しかし、それは同時に「依存の原因となりうるコンテンツも無限大」ということです。
つまり、「スマホ依存」は、「ゲーム依存」「ネット依存」「SNS依存」などさまざま依存を内包しており、また同時にその複数が存在している可能性があるのです。
例えば、1日中スマホゲームがやめられず、体調に不調を来している場合は、「スマホ依存」もであり、「ゲーム依存」でもあります。
あるいは、スマホゲームや動画視聴やSNSを交互をして結果的に四六時中スマホを手放せなっている場合は、「スマホ依存」であり「ゲーム依存」であり「SNS依存」であり「インターネット依存」でもあります。
ところで、「スマホ依存」「ネット依存」ということばは一般的になりつつありますが、実は2022年現在、これらは公式には病気としては認められていません。

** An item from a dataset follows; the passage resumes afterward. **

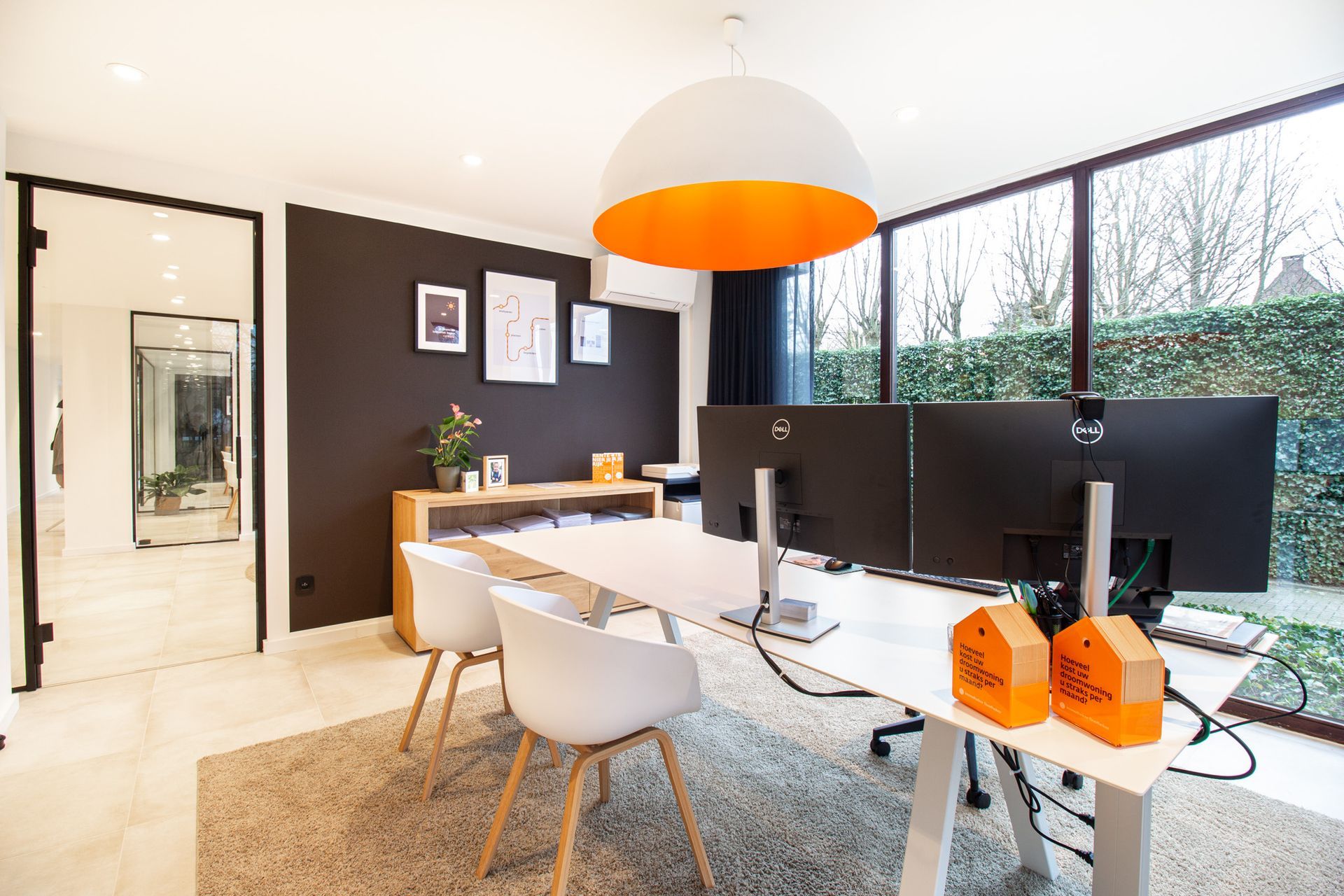 Modern kantoor met wit bureau, drie beeldschermen en een groot raam met uitzicht op het groen.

概念が近いものでは唯一ゲームに対する依存が「ゲーム障害」という名称で世界保健機関(WHO)発行のICD-11(国際疾病分類第11版、2019年承認)に追加されました。
したがって、現時点で「スマホ依存」は明確な定義があるわけではなく、診断や治療についても統一されたものがないというのが現状です。
「病気」として扱うべきかどうかも含めてさまざまな意見があります。
なお、本ブログにおいては以上をふまえた上で、便宜上「スマホの使用に関連する依存状態」を「スマホ依存」という名称で統一させていただきます。